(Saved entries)

——

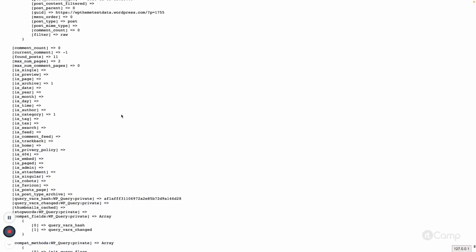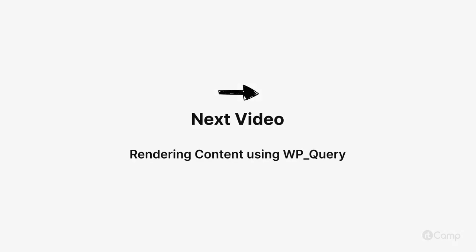Looking further down, is_archive=1 because the current page is an archive page. is_archive is similar to is_single in that it works for all archive pages — category archives, tag archives, author, date, year, custom post type archives, and custom taxonomy archives. is_category is also 1 because the current page is a category archive page. Based on these conditional tags you can conditionally load different templates. That's how these things are managed in WordPress.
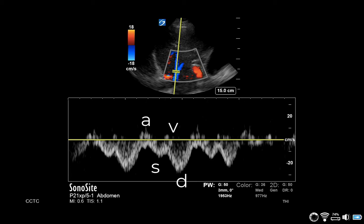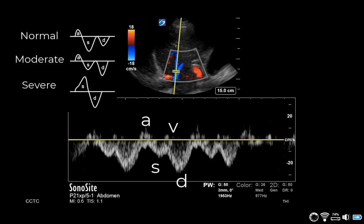In a normal hepatic vein tracing, there is first a positive A wave, followed by a deeply negative S wave, and a smaller negatively deflected D wave.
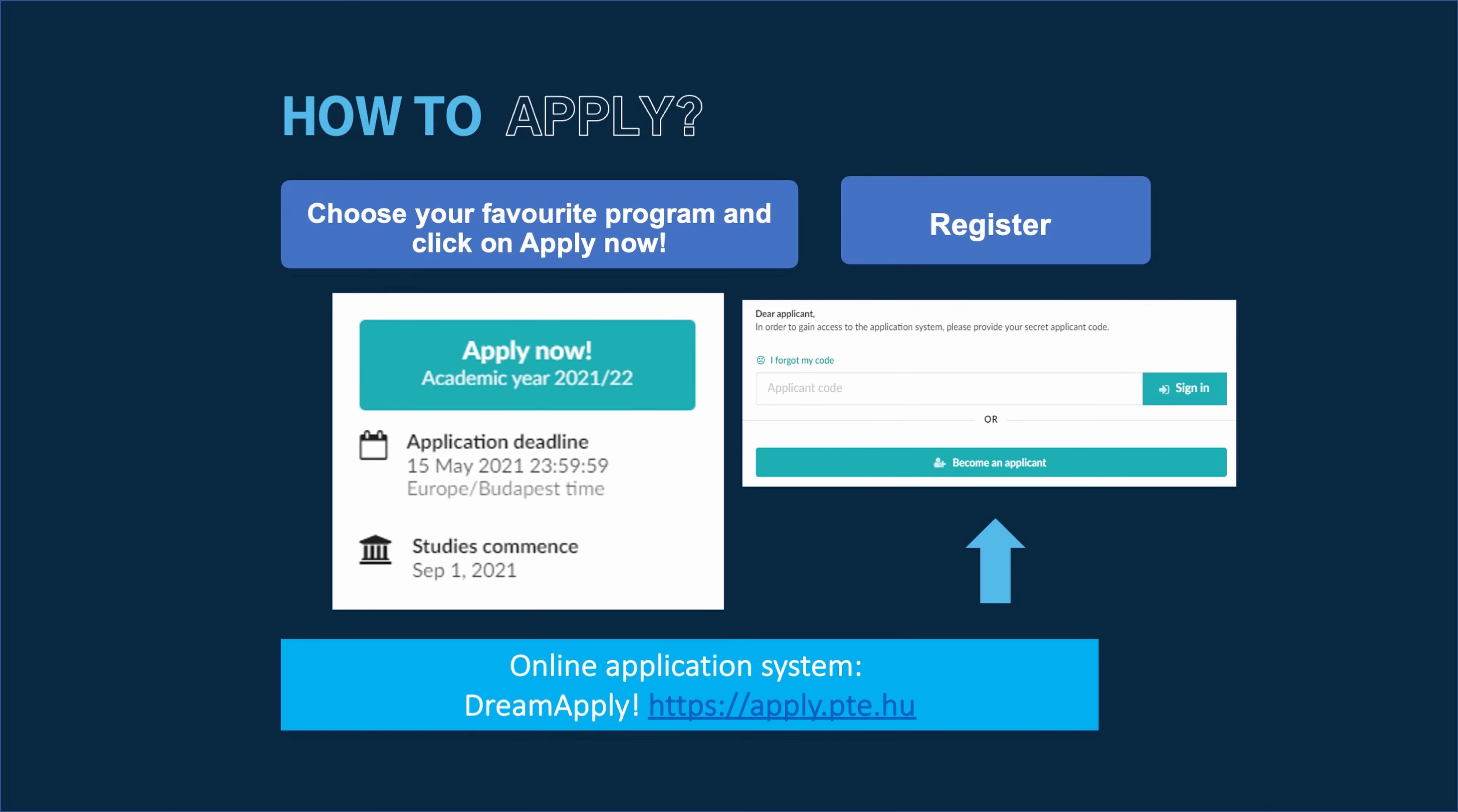Welcome everyone. My name is Maria Lajos. I'm the international coordinator of the Faculty of Business and Economics at the University of Pace. I'm planning to talk a little bit about our admission procedure to our doctoral programs, which are namely the Business Administration and Regional Development programs. These programs operate with a September intake and the deadline of application is the 15th of May in case of both programs.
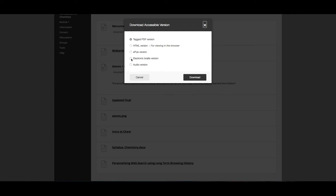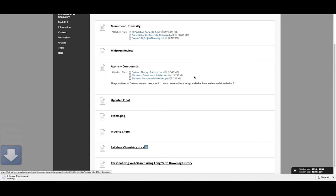Alternative formats to course content can prove useful in many ways. While tagged PDFs and electronic braille alternatives meet direct accessibility needs, other formats may work well for various situations or learning styles.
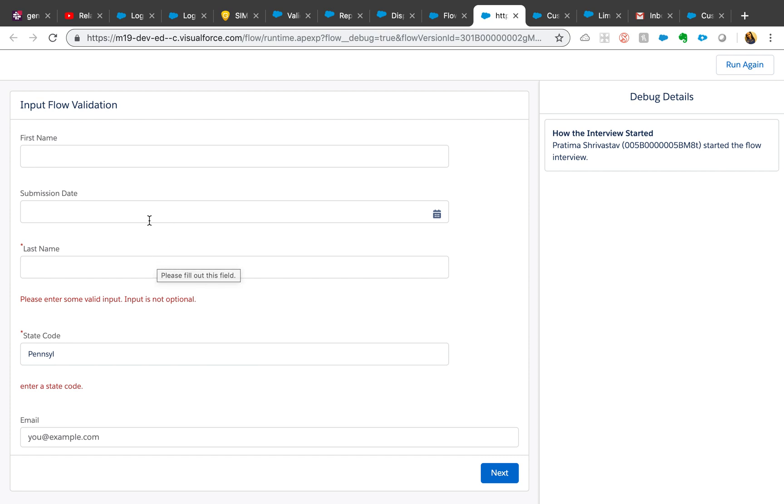Because it's empty, and the way validation works is like it has to have a value there for it to fire the validation rule. So if you want your validation rule to fire, make sure it's required.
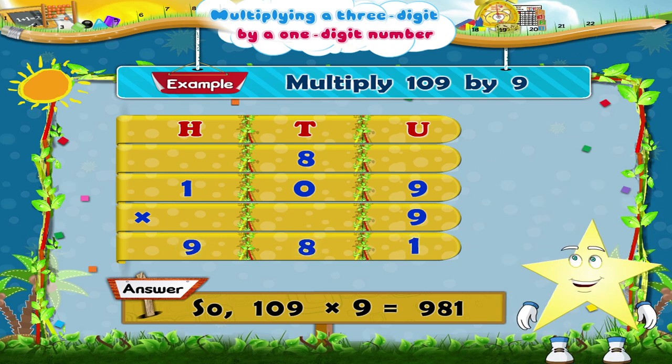Starry, wasn't that a good lesson on multiplying a three-digit number by a one-digit number? I'm sure you enjoyed it!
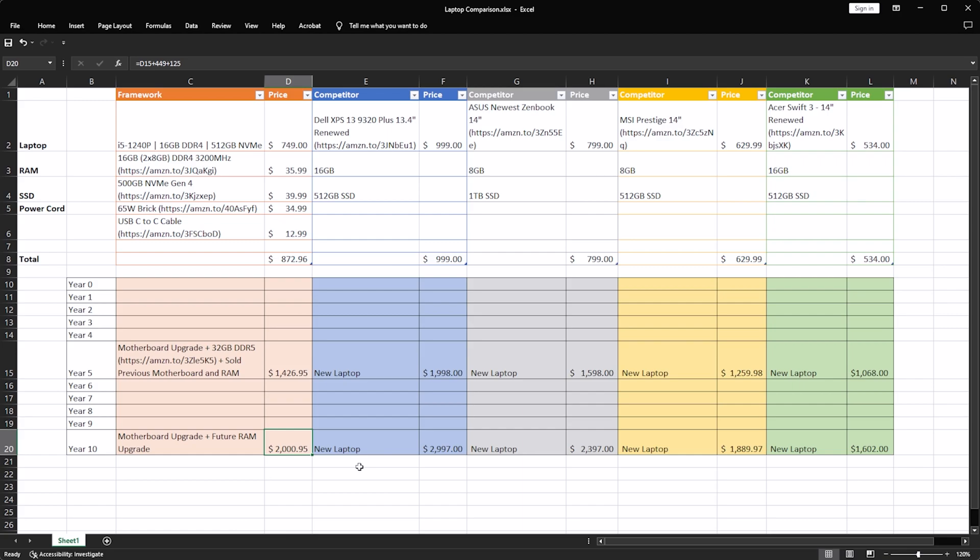Though again, inflation will probably cause these numbers to be a little bit larger by then. We're ignoring that because we can't predict that. But we'll be around $2,000 after 10 years of owning a Framework laptop, whereas the XPS will be up towards $3,000. The Zenbook will be a little north of $2,000. The Prestige 14 a little under $2,000. And the Acer Swift 3, if that's the path that you keep going with, that's only going to be around $1,600.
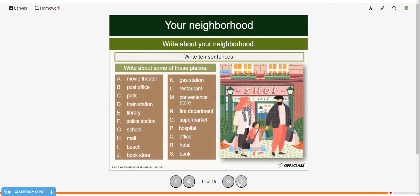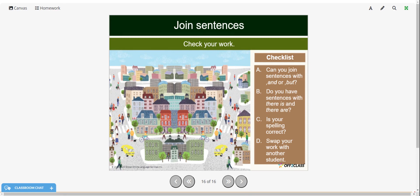Now practice on your own. Write ten sentences about places in your neighborhood. After you're finished writing, check your work using this checklist: Did you join sentences using a comma with 'and' or 'but'? Do you have sentences using 'there is' and 'there are'? And is your spelling correct? If you'd like to share your work online, please put it in the comments and we can provide some feedback.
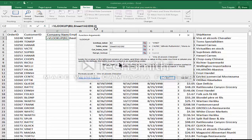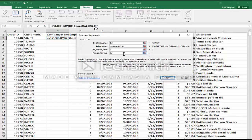You see where it says range lookup — it's a logical value, meaning it's going to be either true or false. To find the closest match in the first column, put true, or if you omit it, it's the same thing as true. To find an exact match, type in false. For this one I'll type in false. Probably 7 or 8 out of 10 times you're going to make this false because you want an exact match. In a little while in this same video I'll show you one where it says true, where it doesn't have to be an exact match.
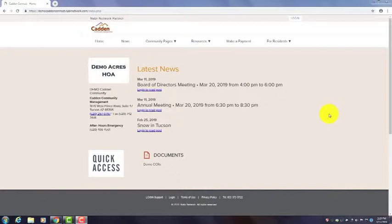Welcome to the first in a series of Cadden Connect instructional videos. Today's video will focus on getting your account set up and logging in.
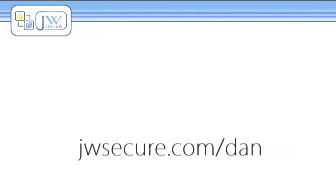To learn more about cloud security, check out my blog at jwsecure.com.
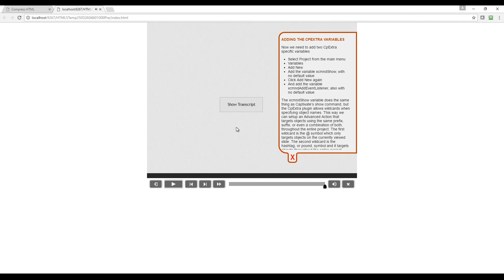And that is how to create formatted scrollable text in Adobe Captivate. I'm Michael, and until next time, keep looking for ways to take your creativity further.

——

The expected result is the data above in exact form, free of pictures.

§ **WRITTEN RESPONSE**:
Looking further down, is_archive=1 because the current page is an archive page. is_archive is similar to is_single in that it works for all archive pages — category archives, tag archives, author, date, year, custom post type archives, and custom taxonomy archives. is_category is also 1 because the current page is a category archive page. Based on these conditional tags you can conditionally load different templates. That's how these things are managed in WordPress.
In a normal hepatic vein tracing, there is first a positive A wave, followed by a deeply negative S wave, and a smaller negatively deflected D wave.
Welcome everyone. My name is Maria Lajos. I'm the international coordinator of the Faculty of Business and Economics at the University of Pace. I'm planning to talk a little bit about our admission procedure to our doctoral programs, which are namely the Business Administration and Regional Development programs. These programs operate with a September intake and the deadline of application is the 15th of May in case of both programs.
Alternative formats to course content can prove useful in many ways. While tagged PDFs and electronic braille alternatives meet direct accessibility needs, other formats may work well for various situations or learning styles.
Because it's empty, and the way validation works is like it has to have a value there for it to fire the validation rule. So if you want your validation rule to fire, make sure it's required.
Starry, wasn't that a good lesson on multiplying a three-digit number by a one-digit number? I'm sure you enjoyed it!
Though again, inflation will probably cause these numbers to be a little bit larger by then. We're ignoring that because we can't predict that. But we'll be around $2,000 after 10 years of owning a Framework laptop, whereas the XPS will be up towards $3,000. The Zenbook will be a little north of $2,000. The Prestige 14 a little under $2,000. And the Acer Swift 3, if that's the path that you keep going with, that's only going to be around $1,600.
Now practice on your own. Write ten sentences about places in your neighborhood. After you're finished writing, check your work using this checklist: Did you join sentences using a comma with 'and' or 'but'? Do you have sentences using 'there is' and 'there are'? And is your spelling correct? If you'd like to share your work online, please put it in the comments and we can provide some feedback.
You see where it says range lookup — it's a logical value, meaning it's going to be either true or false. To find the closest match in the first column, put true, or if you omit it, it's the same thing as true. To find an exact match, type in false. For this one I'll type in false. Probably 7 or 8 out of 10 times you're going to make this false because you want an exact match. In a little while in this same video I'll show you one where it says true, where it doesn't have to be an exact match.
Welcome to the first in a series of Cadden Connect instructional videos. Today's video will focus on getting your account set up and logging in.
To learn more about cloud security, check out my blog at jwsecure.com.
And that is how to create formatted scrollable text in Adobe Captivate. I'm Michael, and until next time, keep looking for ways to take your creativity further.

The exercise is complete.